These days, at least two dozen flavors and fillings are readily available. In addition to most fruits, you also can get such exotic flavors as praline, cream cheese and almond paste.
At Navarre's Famous King Cakes in Springfield, La., about 45 miles northwest of New Orleans, Earnie Navarre has even introduced a sweet potato praline King Cake.
"A friend of mine is a big fan of sweet potatoes, and he asked me to make a King Cake with them for him," Navarre said. "It's a lot like a sweet potato casserole, with brown sugar and pecans."
Rhonda Ruckman, pastry chef for the Donald Link restaurants and retail shop Butcher, was eager to experiment with some new flavors, after having been away from the city -- and Mardi Gras -- for several years.
"I'm definitely doing the classic cake, but I wanted to try some new things," Ruckman said. "I'm making a chocolate creme cake with a wonderful brioche dough, a layer of sour cream, devil food crumbs and chocolate chips."
For most bakeries the cream cheese cakes, or a combination of cream cheese and fruit, is the most popular of the King Cakes. With strawberry fillings close behind.

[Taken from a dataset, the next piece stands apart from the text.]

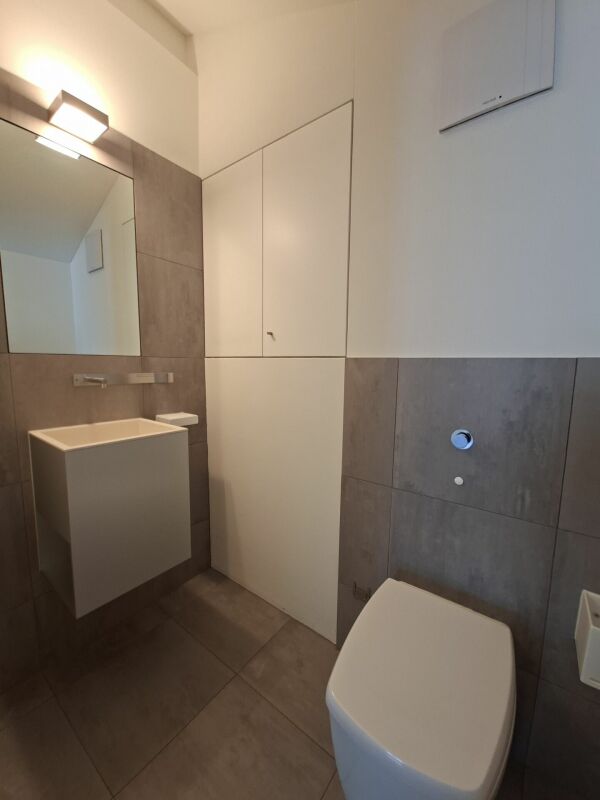 4 rooms roof flat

At Randazzo's King Cakes, customers lined up by the hundreds to get their King Cakes on Jan. 6 (or Twelfth Night), the traditional opening of the Carnival season.
Randazzo's offers a half-dozen flavors, its royal King Cake, which is quartered off with cream cheese, apple, lemon and strawberry fillings in each section, and even a fleur-de-licious King Cake with black and gold icing in a nod to the "Who Dat" Saints fans.
Manny Randazzo, the second generation to operate the bakery, says the new flavors may have their fans, but at his bakeries the traditional King Cake remains the big seller.
"It can get pretty crazy with all the fills, the double fills, the flavors," Randazzo said. "But still 75 percent of our sales are still the traditional cake. People who say it's dry or not flavorful enough have not had one with a rich brioche and the hint of cinnamon. It's definitely a crowd pleaser."